Les loyers perçus sont des bénéfices industriels et commerciaux, imposables au titre de la location meublée. Deux régimes s’offrent à vous, et l’écart est plus important qu’en location classique depuis la loi Le Meur.
- Micro-BIC : abattement de 30 % pour un meublé de tourisme non classé, avec un plafond de recettes ramené à 15 000 €. Pour un meublé classé, l’abattement remonte à 50 % et le plafond à 83 600 €.
- Régime réel : déduction des charges et amortissement du bien, mais au prorata de la surface et du temps de location, puisqu’il s’agit de votre habitation. C’est ce prorata qui rend le calcul plus délicat qu’en location classique.
Sur des recettes de courte durée non classées, l’écart entre 30 % et 50 % d’abattement justifie souvent à lui seul de faire classer le logement. Notre comparateur micro-BIC ou réel chiffre les deux hypothèses.
Les deux cas d’exonération totale
L’article 35 bis du code général des impôts prévoit deux exonérations, réservées à la location d’une partie de votre résidence principale :
- Location d’une pièce à un locataire qui en fait sa résidence principale, y compris temporaire pour un étudiant ou un saisonnier. Les pièces louées doivent faire partie de votre logement, et le loyer doit rester dans une limite fixée par mètre carré, réévaluée chaque année et différente en Île-de-France et en province.
- Location en chambre d’hôtes occasionnelle : exonération si les recettes annuelles restent inférieures à 760 €.
Un logement entièrement indépendant de votre résidence principale, même contigu, n’ouvre droit à aucune de ces exonérations.
Vérifier ses contrats d’assurance
Comme il s’agit de louer votre résidence principale, vous avez normalement souscrit un contrat d’assurance habitation. Mais attention, car ces contrats vous couvrent dès lors qu’un sinistre survient. Lorsque le sinistre implique d’autres locataires, rien ne garantit que vous soyez toujours couvert.

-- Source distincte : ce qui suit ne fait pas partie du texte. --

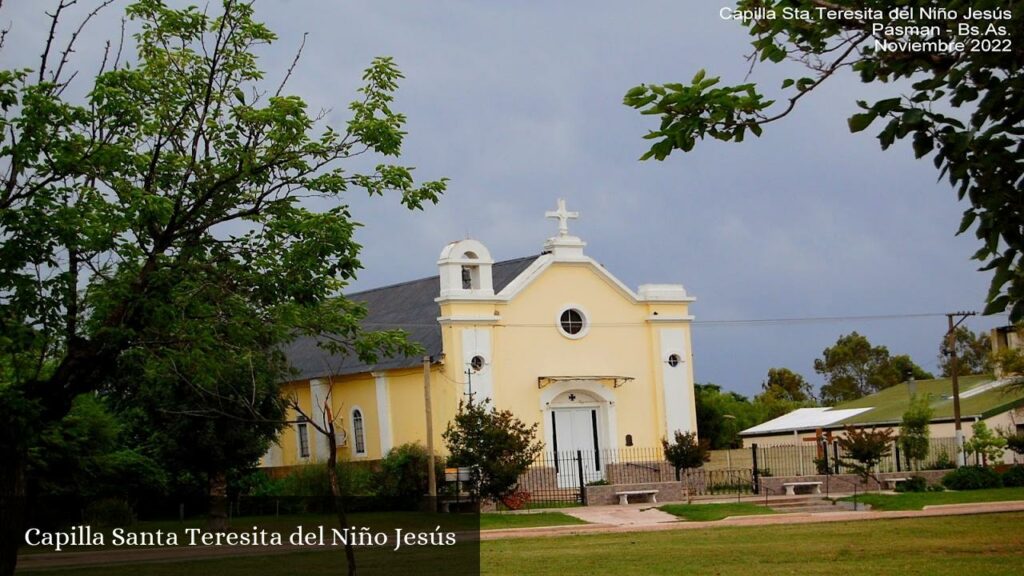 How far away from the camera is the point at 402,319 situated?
4559 cm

Il convient donc de vérifier les clauses de votre assurance et l’étendue des garanties.
Si rien n’est prévu, deux possibilités s’offrent à vous :
- Souscrire une extension de garantie pour les dégâts causés par les locataires ;
- Demander au locataire une attestation d’assurance villégiature qui les couvre lors d’une location saisonnière.
Les quatre obligations pratiques à ne pas oublier
1. L’équipement du logement
La location meublée suppose de respecter la liste du décret du 31 juillet 2015 : literie, rideaux dans les chambres, plaques de cuisson, four ou micro-ondes, réfrigérateur avec compartiment congélation, vaisselle et ustensiles, table et sièges, rangements, luminaires et matériel d’entretien.
En location à la nuitée, l’équipement attendu par les voyageurs va au-delà : machine à café, bouilloire, sèche-cheveux, wifi, adaptateurs électriques. Ces achats sont amortissables au régime réel, au prorata de l’usage locatif.
2. La taxe de séjour
Elle est due dans les communes qui l’ont instituée, y compris pour une résidence principale. Vérifiez le tarif applicable auprès de votre mairie avant de fixer vos prix : la taxe se collecte auprès du voyageur puis se reverse à la commune.
Si vous passez par une plateforme de réservation, c’est elle qui collecte et reverse la taxe de séjour pour votre compte. Attention à ne pas la confondre avec la TVA, qui ne concerne pas une location meublée sans prestations para-hôtelières.
3. L’assurance
Votre contrat multirisque habitation ne couvre pas nécessairement les dommages causés par des occupants de passage. Deux solutions : demander une extension de garantie à votre assureur, ou exiger du locataire une attestation d’assurance villégiature. Un appel à votre assureur avant la première réservation suffit à le vérifier.
4. Le contrat de location
Même pour deux nuits, un écrit est indispensable : identité des parties, durée, prix, dépôt de garantie, description du logement et état des lieux avec inventaire du mobilier. Les mentions attendues sont détaillées dans notre article sur le bail de location saisonnière
N’hésitez pas à lire cet article si vous souhaitez plus de détails sur les clauses du contrat de location.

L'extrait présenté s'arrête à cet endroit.